Digital Brothels – USA in the forefront against digital trafficking

During the spring of 2018, RealStars in cooperation with the magazine “Faktum” brought to light the concept of digital brothels through a seminary and a published report. They are escort sites that exist on an international level and function as a platform to sell ads for sexual services, virtually without risk, making the venture highly profitable and falls well within the definition of procuring of sexual services under the Swedish penal code. However, since this form of procuring takes place over the internet it complicates matters and makes it less accessible to the judicial system compared to the real world meeting spots that used to serve the same purpose. This is partially explaining the lack of measures taken that has made it possible for these enterprises to flourish. Since 2012, there has only been one sentence set for digital procuring in Sweden.

What enables these escort sites to generate their revenue is a service that sees frequent use in our daily lives and is provided by all major credit card companies such as MasterCard and Visa, namely digital payment options. While most companies claim to abide by the regulations that prohibit the use of their services for illegal transactions the use of digital brothels to sell ads continue and as established, is illegal under Swedish law. Here is an opportunity to take social responsibility and act.

Our intent here is to summarize what has been done concerning this in the USA where greater action has been taken with assistance from major credit card companies to stifle the digital brothel enterprise.

In June, 2015, Sheriff Tom Dart of Cook County, Illinois successfully convinced the companies Master Card and Visa to cease processing payments of sex ads on the digital marketplace seized).
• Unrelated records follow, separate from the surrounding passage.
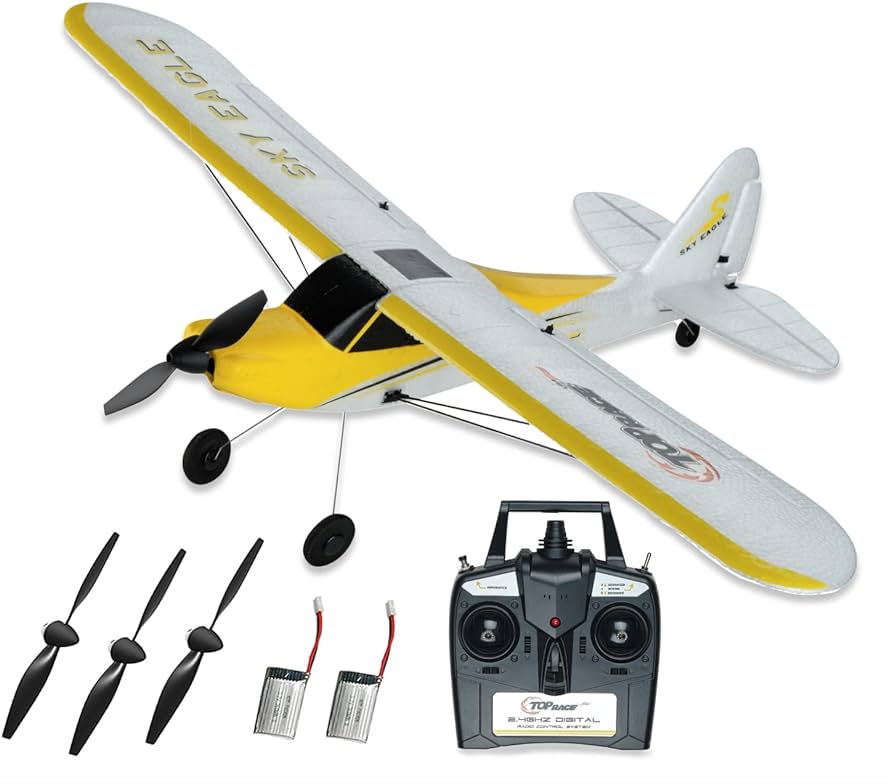 remote model airplanes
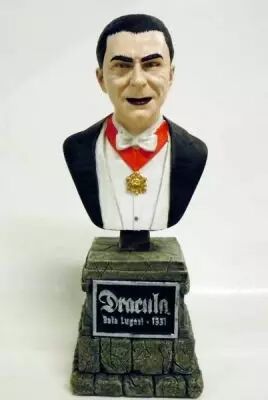 Universal Studios Monsters - Sideshow Collectibles - Resine Mini-Bust - Darcula (Bela Lugosi - 1931)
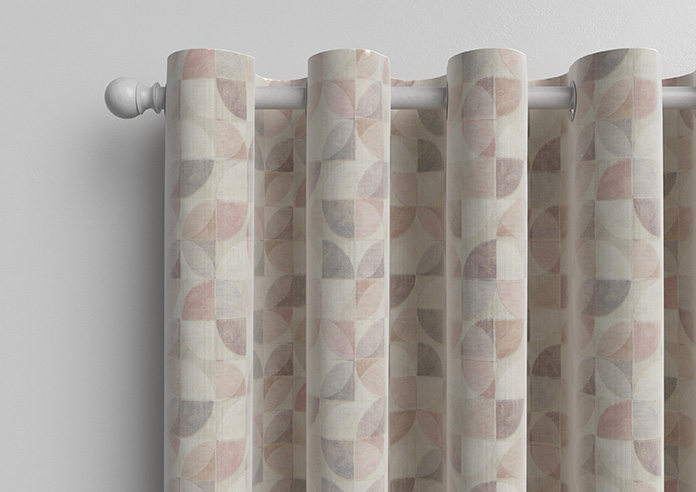 Mosaic Tile, Valentine - Made to Measure Curtains - Image 12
The site responded by marking the “Adult Services” category as censured while removing the ads for escort services, but also retaliated with a lawsuit against Sheriff Dart for damages to the sites revenue and a restraining order that would prevent him from lobbying further companies to block transactions on the site.  Dart was however not alone in his efforts and following the events the US Senate’s Subcommittee of Investigations launched an investigation into the nature of the site the same year (publicized january 2017) which revealed that not only were the leadership aware of how their site facilitated prostitution rings, but purposefully concealed the sale of children in “adult ads”.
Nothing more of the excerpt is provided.